The point is, when you are in a ride like that, and you are half way, you don’t really have the option of just giving up, and you can’t sleep in the grass pretending the race doesn’t exist, and finish it the next day. It’s a bit like how I feel now, I’m two days away from finishing the first round of injections (yep, 23 down). Today, I’m lying in the grass on the side of the road, “just for a minute”. The gruelling last leg of this race still lies ahead of me, and I can’t even let my mind go there right now. I’m scared and holding out for a man with an icecream.
I think his name is Gandhi.
Fab post Mash! I know exactly where you are and you have to keep going…just breathe. And the gestone injections even if they are real bitches cos they are…are all relative and over before you know it…trust me this stuck in the moment feeling is temporary…tough and tricky but it will pass xxxxxxxxxxxxxx
I’ve done Gestone twice. Once for an FET cycle that was a BFN and again for Ava’s FET cycle. The first couple are horrible, I can’t lie and I had a doctor (DH) doing them but I think they’re actually often worse as my mom had to give me one and hers I hardly felt. Your bum will get hard lumps but they disappear eventually I promise. Strangely enough once I’d got the BFP and had to carry on till 9weeks, they almost felt better, I suppose because I knew I would get a baby for my efforts and more strangely enough when the day came that the FS said I could stop them, I was half keen to carry on as I was so scared of something going wrong if I didn’t have them. Some advice – get your DH to warm up the vial a little bit in his hands before he injects and you can put ice on the spot just before he does it to numb the spot a bit.

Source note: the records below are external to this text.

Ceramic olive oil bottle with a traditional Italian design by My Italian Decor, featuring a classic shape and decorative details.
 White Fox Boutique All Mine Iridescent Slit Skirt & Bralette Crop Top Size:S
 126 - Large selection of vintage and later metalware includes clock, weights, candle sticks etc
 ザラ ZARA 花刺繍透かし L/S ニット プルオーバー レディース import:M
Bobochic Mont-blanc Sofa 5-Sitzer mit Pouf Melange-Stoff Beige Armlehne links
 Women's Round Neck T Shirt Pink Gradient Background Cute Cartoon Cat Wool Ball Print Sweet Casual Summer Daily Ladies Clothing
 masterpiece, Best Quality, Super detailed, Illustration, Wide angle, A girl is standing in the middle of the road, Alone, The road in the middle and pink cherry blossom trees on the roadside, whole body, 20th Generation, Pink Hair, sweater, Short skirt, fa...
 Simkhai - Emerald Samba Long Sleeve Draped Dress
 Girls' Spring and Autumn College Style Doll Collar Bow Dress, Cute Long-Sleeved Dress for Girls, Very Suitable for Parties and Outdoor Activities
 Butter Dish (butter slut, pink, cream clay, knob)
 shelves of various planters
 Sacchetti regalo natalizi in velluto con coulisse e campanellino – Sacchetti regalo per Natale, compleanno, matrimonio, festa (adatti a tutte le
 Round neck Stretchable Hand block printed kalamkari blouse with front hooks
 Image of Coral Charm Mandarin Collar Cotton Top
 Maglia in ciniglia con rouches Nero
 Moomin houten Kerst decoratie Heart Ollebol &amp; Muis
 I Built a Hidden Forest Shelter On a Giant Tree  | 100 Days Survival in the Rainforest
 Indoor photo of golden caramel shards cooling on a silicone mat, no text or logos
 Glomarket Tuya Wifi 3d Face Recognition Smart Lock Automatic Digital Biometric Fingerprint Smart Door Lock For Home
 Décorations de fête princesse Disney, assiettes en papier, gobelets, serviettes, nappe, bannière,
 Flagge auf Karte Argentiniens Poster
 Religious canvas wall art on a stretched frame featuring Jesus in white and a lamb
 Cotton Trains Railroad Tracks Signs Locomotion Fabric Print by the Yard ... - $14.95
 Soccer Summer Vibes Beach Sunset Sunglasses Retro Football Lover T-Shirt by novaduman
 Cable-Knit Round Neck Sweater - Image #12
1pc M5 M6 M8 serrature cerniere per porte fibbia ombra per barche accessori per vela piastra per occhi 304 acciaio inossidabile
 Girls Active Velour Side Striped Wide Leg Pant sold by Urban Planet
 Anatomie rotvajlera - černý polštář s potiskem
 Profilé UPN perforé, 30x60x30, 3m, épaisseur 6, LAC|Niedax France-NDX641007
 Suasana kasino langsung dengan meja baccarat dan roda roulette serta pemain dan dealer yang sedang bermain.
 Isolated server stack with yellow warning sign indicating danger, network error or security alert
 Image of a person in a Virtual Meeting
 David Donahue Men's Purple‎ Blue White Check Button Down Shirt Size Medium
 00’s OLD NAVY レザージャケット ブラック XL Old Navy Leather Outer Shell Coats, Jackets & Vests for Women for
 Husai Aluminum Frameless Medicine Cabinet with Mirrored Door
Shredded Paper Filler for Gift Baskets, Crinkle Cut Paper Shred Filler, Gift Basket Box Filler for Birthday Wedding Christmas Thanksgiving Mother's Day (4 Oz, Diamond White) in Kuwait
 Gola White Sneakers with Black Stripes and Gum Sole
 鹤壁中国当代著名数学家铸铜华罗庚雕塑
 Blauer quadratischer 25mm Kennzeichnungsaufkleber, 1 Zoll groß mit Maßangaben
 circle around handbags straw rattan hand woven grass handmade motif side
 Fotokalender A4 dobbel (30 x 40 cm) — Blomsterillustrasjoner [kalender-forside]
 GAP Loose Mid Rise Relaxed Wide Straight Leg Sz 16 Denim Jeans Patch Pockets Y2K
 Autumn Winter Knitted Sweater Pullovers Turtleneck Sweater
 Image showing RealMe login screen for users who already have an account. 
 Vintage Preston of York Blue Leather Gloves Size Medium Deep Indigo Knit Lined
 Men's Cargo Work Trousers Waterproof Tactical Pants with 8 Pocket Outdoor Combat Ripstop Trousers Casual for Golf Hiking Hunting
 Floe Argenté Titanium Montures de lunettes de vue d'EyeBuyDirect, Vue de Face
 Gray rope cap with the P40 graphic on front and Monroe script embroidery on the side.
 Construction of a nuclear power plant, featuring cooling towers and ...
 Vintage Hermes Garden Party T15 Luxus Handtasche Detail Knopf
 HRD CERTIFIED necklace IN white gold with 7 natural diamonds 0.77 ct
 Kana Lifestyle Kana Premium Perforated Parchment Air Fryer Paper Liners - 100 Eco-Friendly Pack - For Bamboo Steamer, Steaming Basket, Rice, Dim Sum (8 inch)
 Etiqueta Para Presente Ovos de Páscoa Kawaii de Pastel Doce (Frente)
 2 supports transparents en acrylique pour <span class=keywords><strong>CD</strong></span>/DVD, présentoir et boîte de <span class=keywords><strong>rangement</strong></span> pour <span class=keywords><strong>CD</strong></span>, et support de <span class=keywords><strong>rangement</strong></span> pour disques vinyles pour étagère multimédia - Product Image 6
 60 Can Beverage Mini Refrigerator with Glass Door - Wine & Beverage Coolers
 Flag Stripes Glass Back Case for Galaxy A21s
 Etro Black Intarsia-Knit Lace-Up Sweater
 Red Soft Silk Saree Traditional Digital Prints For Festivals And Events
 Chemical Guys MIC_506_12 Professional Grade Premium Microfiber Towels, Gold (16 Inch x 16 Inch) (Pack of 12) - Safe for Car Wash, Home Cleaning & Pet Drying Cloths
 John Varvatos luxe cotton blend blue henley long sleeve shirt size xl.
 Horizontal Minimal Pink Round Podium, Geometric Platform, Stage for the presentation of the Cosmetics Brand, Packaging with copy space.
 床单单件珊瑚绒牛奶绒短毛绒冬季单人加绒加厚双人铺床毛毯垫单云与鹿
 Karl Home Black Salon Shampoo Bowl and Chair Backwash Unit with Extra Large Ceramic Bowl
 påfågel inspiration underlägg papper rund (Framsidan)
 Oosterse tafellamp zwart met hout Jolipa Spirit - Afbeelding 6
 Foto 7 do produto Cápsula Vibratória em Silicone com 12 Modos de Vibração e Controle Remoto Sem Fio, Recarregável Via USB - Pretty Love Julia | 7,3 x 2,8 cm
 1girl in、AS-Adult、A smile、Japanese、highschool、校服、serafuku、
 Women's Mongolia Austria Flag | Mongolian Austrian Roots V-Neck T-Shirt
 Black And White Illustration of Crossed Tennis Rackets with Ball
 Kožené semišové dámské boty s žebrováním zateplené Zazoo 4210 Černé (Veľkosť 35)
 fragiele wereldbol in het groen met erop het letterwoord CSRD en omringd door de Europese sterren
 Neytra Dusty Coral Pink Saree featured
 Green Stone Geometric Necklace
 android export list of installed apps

What a beautiful post, Mash.
I love your rumination and how you draw from your experience….I am exactly like that….I would have kept on wondering about that ice-cream.
You are allowed to cry. We put ourselves in a lot of pain to achieve parenting. And the physical pain, and the stress exists. You are allowed to cry!
Sweet Mash, the gestone shots are…. well a means to an end. They do hurt a bit but you know it will be all worth it to have your baby growing healthily in your ute.
So. Right now I’m the old man tellikng you that I’ll buy you an ice cream at the end of the race. YOU CAN DO IT.